One challenge with detecting CTCs is separating out signals from white blood cells, which are similarly sized as tumor cells and can stick to the same antibodies normally used to identify tumor cells. Commercially available devices trap CTCs using antibody-coated magnetic beads, and technicians must stain the trapped cells with several antibodies to avoid falsely identifying white blood cells as tumor cells.

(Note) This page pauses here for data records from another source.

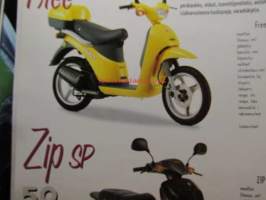 Piaggio mopot &amp; skootterit - Moottoripyörä myyntiesite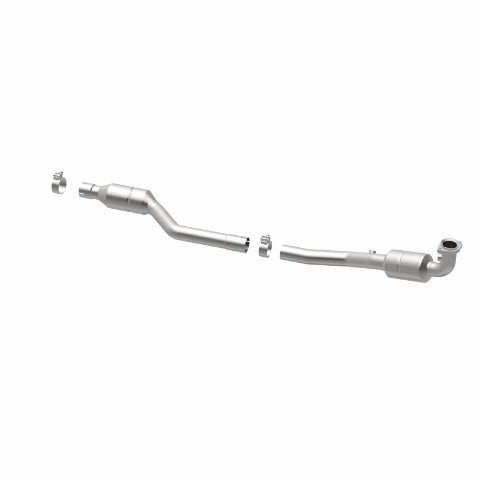 MagnaFlow direct-fit catalytic converter for 2003-2006 Mercedes passenger side passenger side exit stainless steel CARB compliant OBDII 51419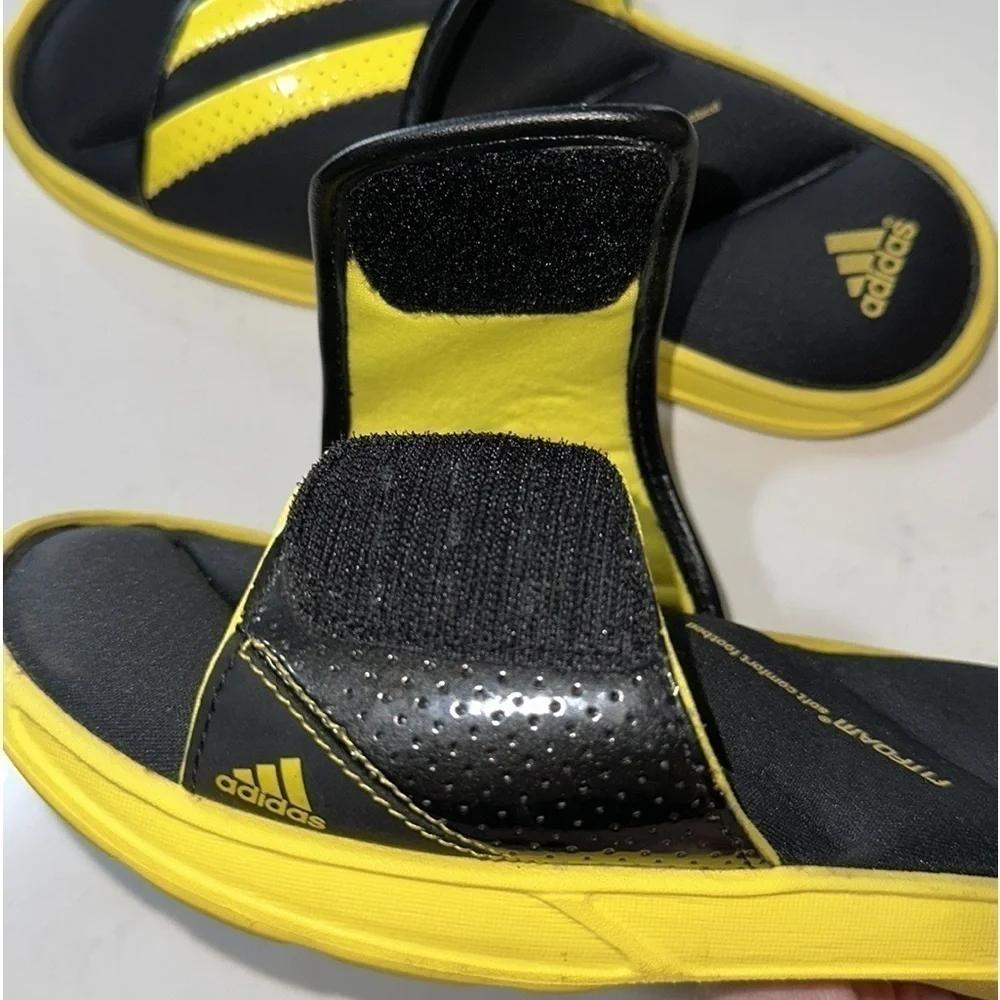 Adidas Fit Foam Slip-On Sandals - EUC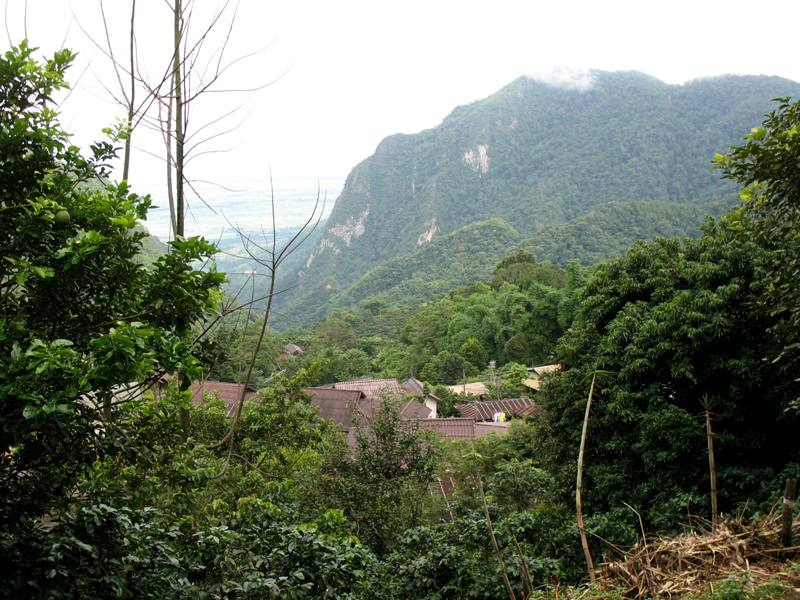 Hill Tribe Village, Northern Thailand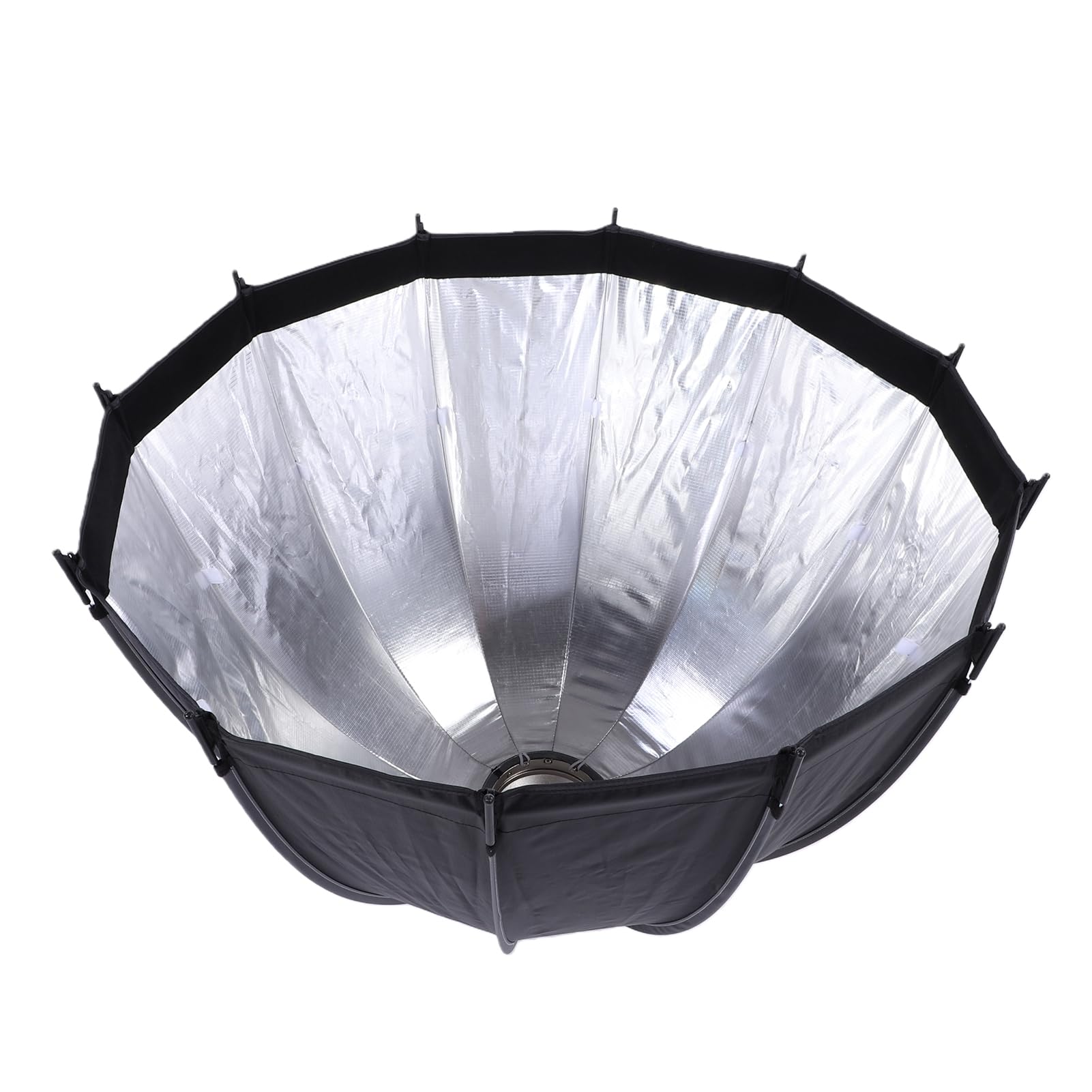 GOWENIC Softbox z Szybkozłączem 90 Cm | Dyfuzory światła i Torba o Strukturze Plastra Miodu do Oświetlenia Fotografii Studyjnej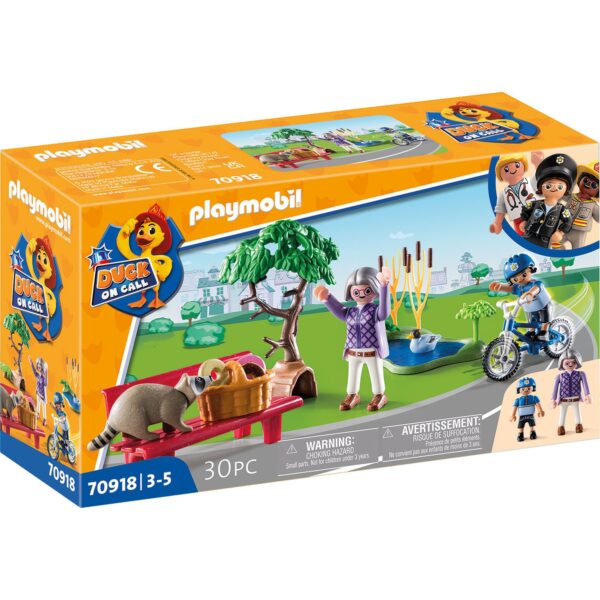 Playmobil - D.O.C - Actiunea Politiei - PM70918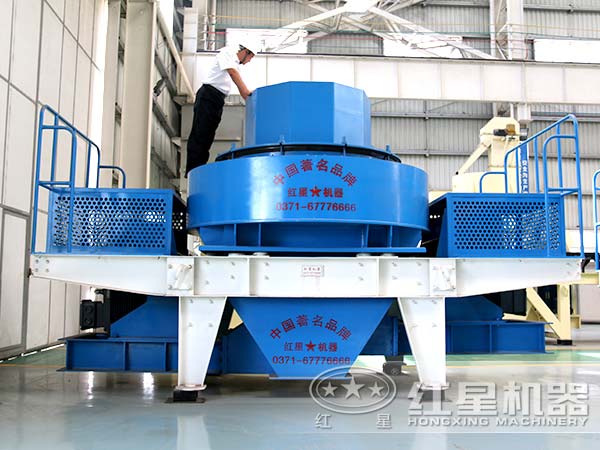 用于生產機制砂的人工制砂設備 用于生產機制砂的人工制砂設備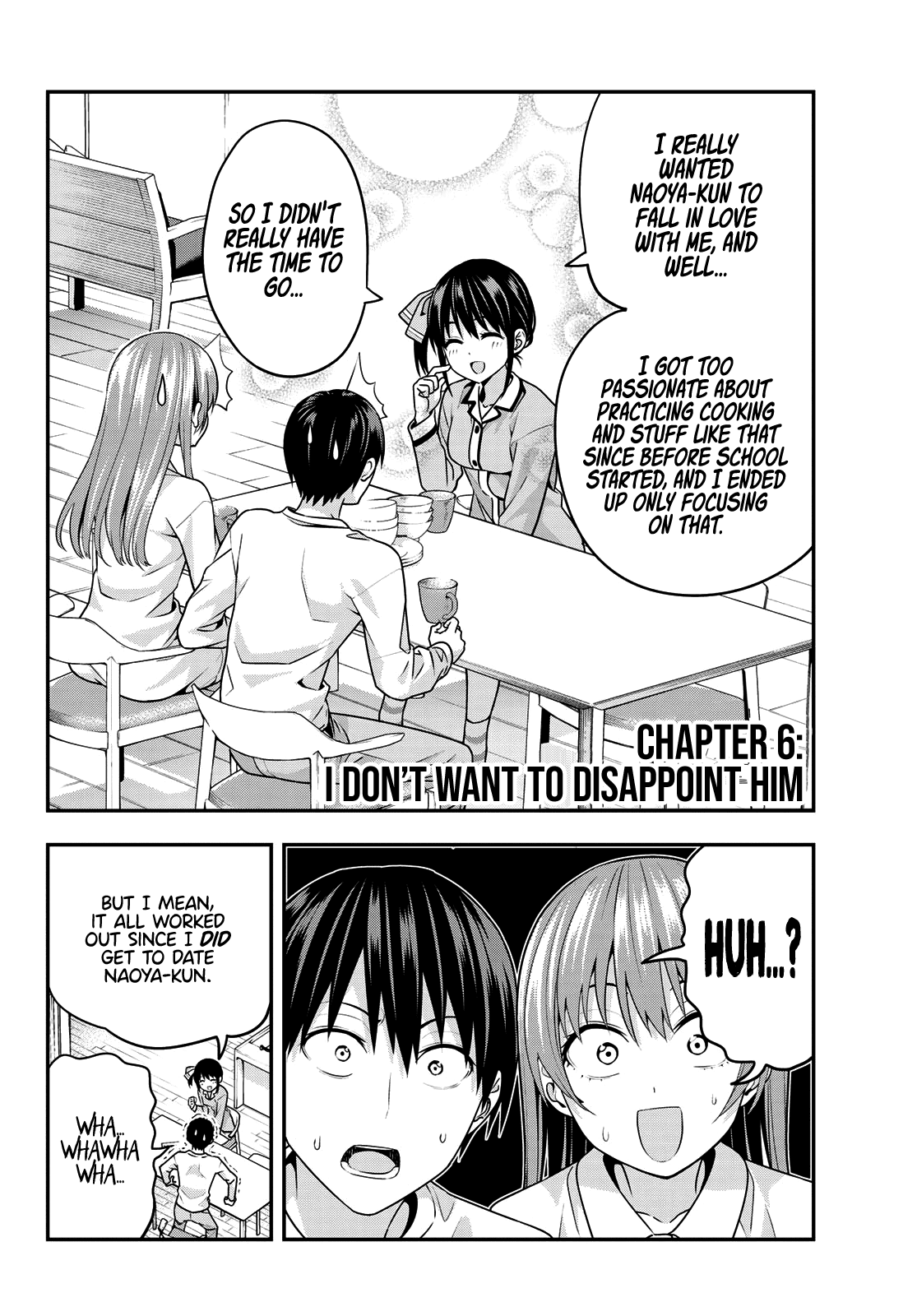 Kanojo mo Kanojo Chapter 6 page 4 - Chapter 6: I Don’t Want to Disappoint Him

The Emory and Georgia Tech team, led by Dr. Shuming Nie and Dr. Dong Shin, have now shown that polymer-coated and dye-studded gold particles, directly linked to a growth factor peptide rather than an antibody, can detect circulating tumor cells in the blood of patients with head and neck cancer.
"The key technological advance here is our finding that polymer-coated gold nanoparticles that are conjugated with low molecular weight peptides such as EGF [epidermal growth factor] are much less sticky than particles conjugated to whole antibodies," said Nie. "This effect has led to a major improvement in discriminating tumor cells from non-tumor cells in the blood."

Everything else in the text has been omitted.